Using flow-print -f 5
, I can view the timestamps and verify that the IRC activity started shortly after the SSH activity started using larger amounts of bandwidth.
Can I be certain that 79.115.103.225 is my attacker? No. Is this activity suspicious? Absolutely. I can examine the hacked machine, or a disk image thereof, and identify the account used to penetrate the machine.
This is not proof, but it’s a place to start. In assessing the rest of the data, I can now exclude this host.
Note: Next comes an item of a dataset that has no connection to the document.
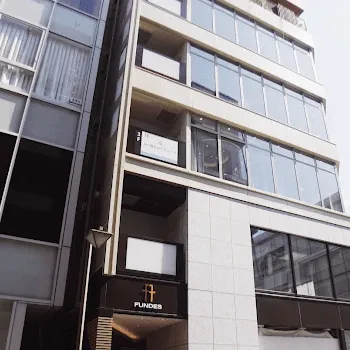 水の森美容クリニック 福岡院の白玉点滴・注射を受けるクリニックが入っているビルの外観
This will further reduce the pool of data I am assessing.
While I can’t use this as grounds for flying to Romania with body armor, a machine gun, and a machete, I can realistically act on this information. I can report the activity to the IP address owner. I can check my network for other connections from this host, and verify the integrity of any machines it’s connected to. I can use this a a part of my business case to firewall off this part of the network. It will support my argument to forbid passwords for SSH connections on dev machines.
In retrospect, I could have made other assumptions that might have let me find this more quickly, e.g., I could have investigated the first hosts contacted on the questionable ports. But every puzzle is easy once you’ve solved it. After this, I’d have to say that backtracking intrusion vectors through flow data is very practical, even when you don’t have much experience.